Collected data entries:
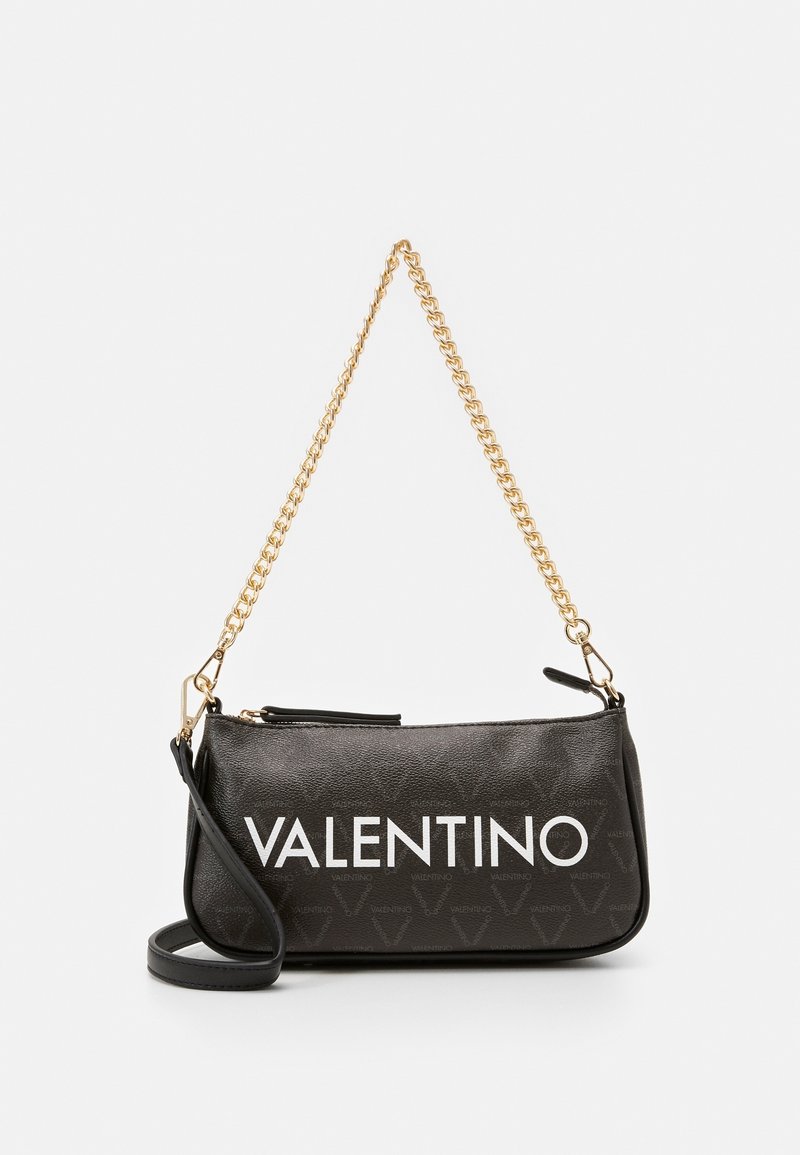 Černá ramenní taška Valentino s bílým logem, zlatým řetízkovým popruhem a odnímatelným černým koženým popruhem na bílém pozadí.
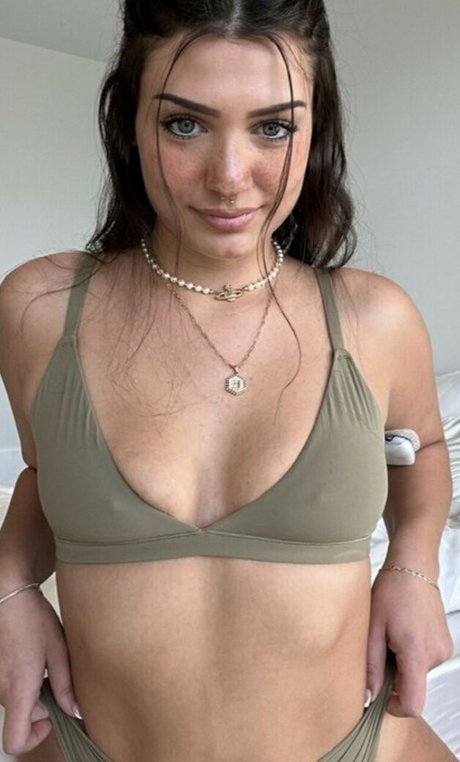 Foto di nudo di fuga di OnlyFans di Faye Danyluk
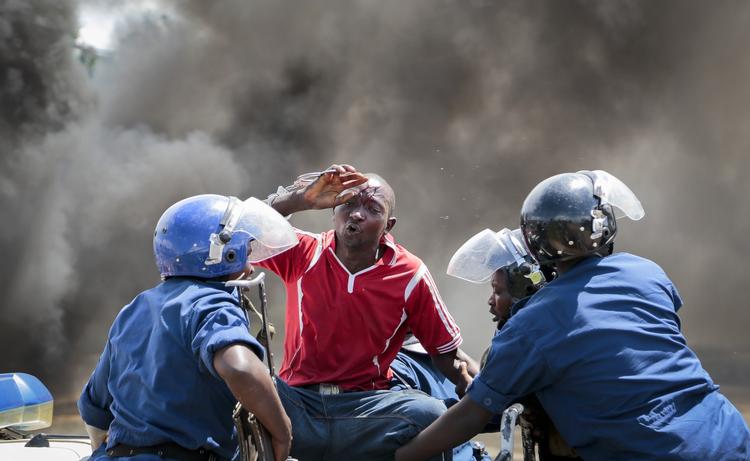 Opstand. En såret demonstrant i politiets varetægt i forbindelse med demonstrationer i Ngagara-distriktet i Bujumbura i Burundi. 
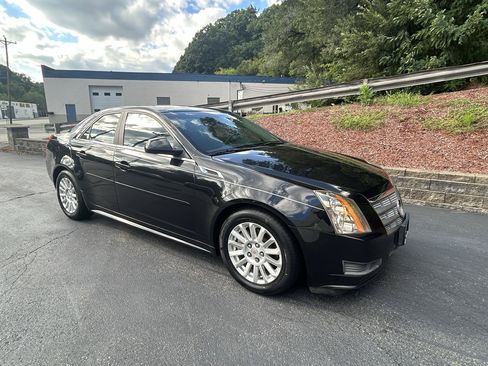 Used 2011 Cadillac CTS Sedan RWD image 7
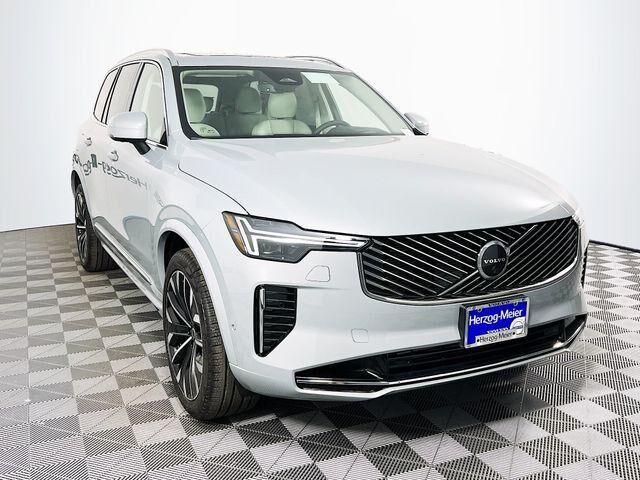 2026 VOLVO XC90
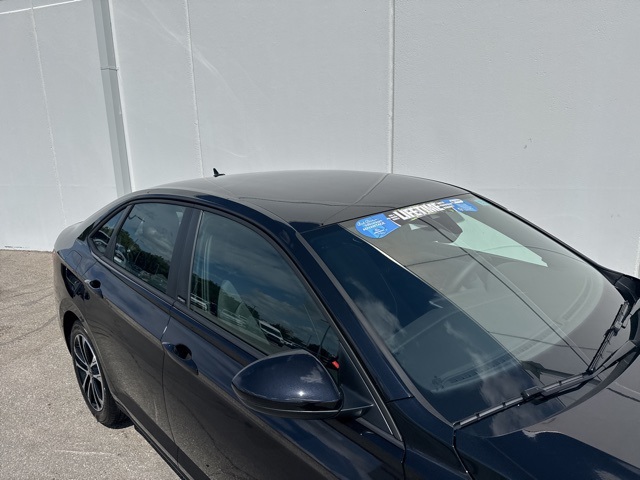 2025 Volkswagen Jetta 1.5T Sport photo 4
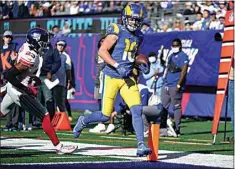  ?? FRANK FRANKLIN II / AP ?? The Rams’ Cooper Kupp scores a touchdown during the second half of Sunday’s game against the Giants in East Rutherford, N.J.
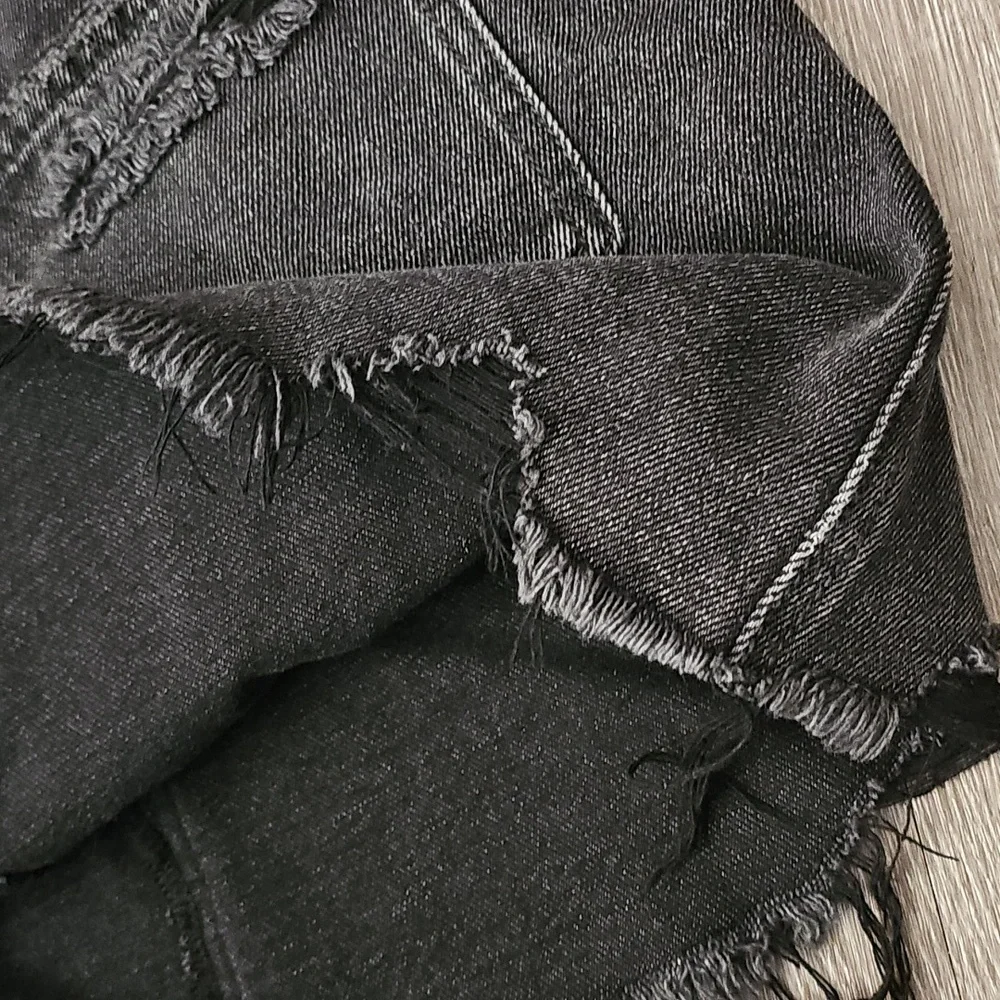 WE THE FREE Black Denim Distressed Skirt. So Cute. Sz 29 Womens!!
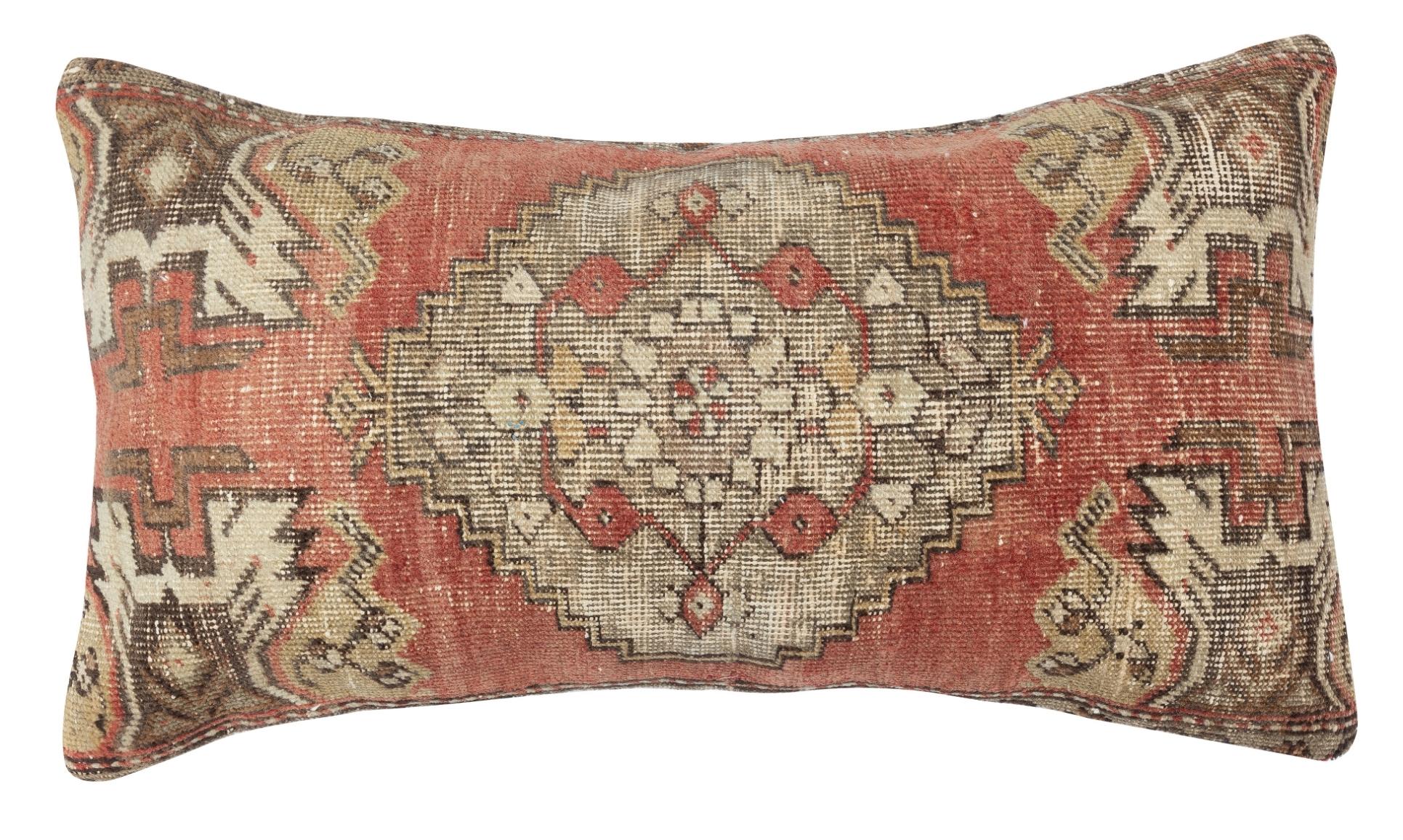 Porta la storia e il calore nella tua casa con questo set di copricuscini in lana turca vintage fatti a mano. Questa coppia di copricuscini è realizzata con cura a partire da autentici tappeti turchi annodati a mano. Ogni copertina è davvero unica,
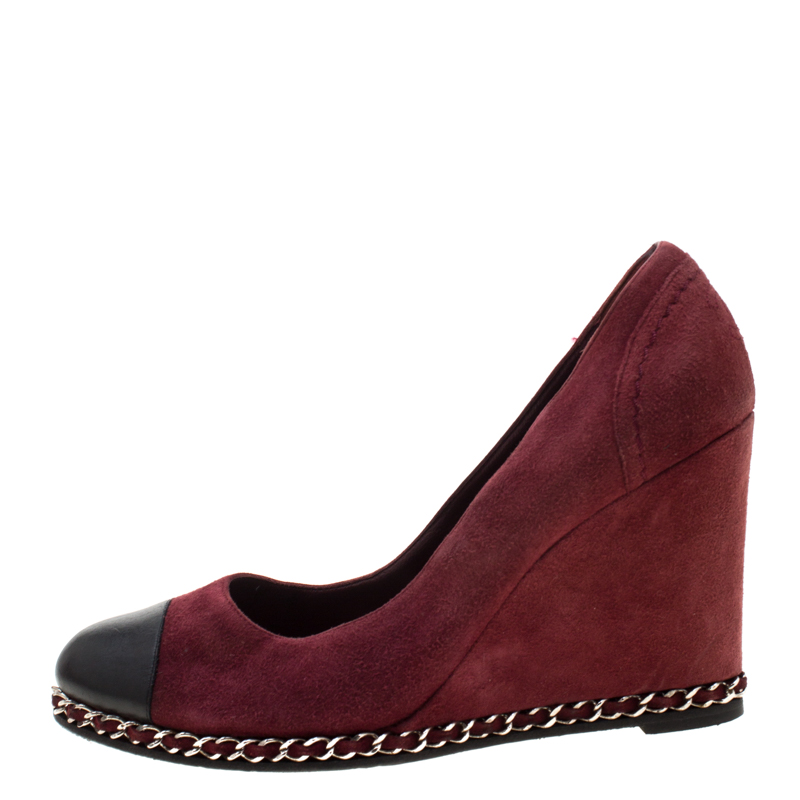 

Chanel Burgundy Suede And Black Leather Cap Toe Wedge Pumps Size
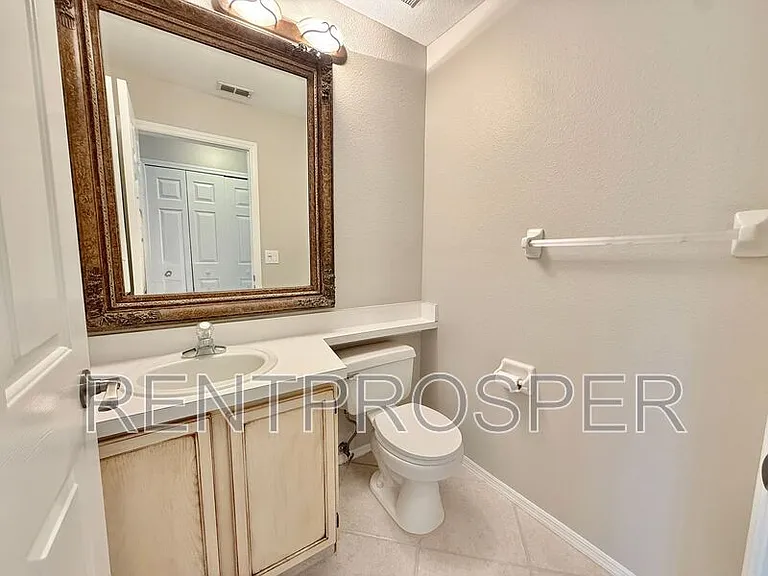 2205 Wyndam Way — Photo 5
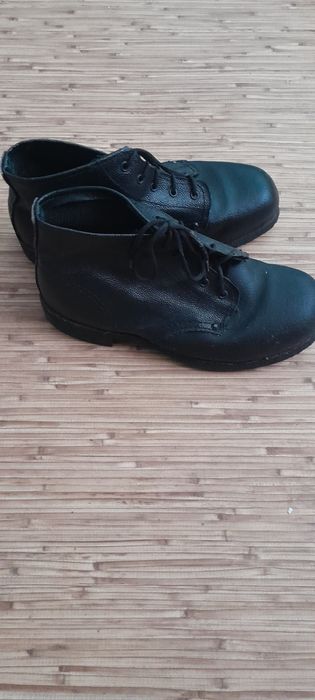 Продам спец обувь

## TASK TO CARRY OUT
Copy the lines exactly as they appear from the opening of the entries above through the line with "2026 VOLVO XC90", excluding all pictures.

## EXERCISE RESPONSE
 Černá ramenní taška Valentino s bílým logem, zlatým řetízkovým popruhem a odnímatelným černým koženým popruhem na bílém pozadí.
 Foto di nudo di fuga di OnlyFans di Faye Danyluk
 Opstand. En såret demonstrant i politiets varetægt i forbindelse med demonstrationer i Ngagara-distriktet i Bujumbura i Burundi. 
 Used 2011 Cadillac CTS Sedan RWD image 7
 2026 VOLVO XC90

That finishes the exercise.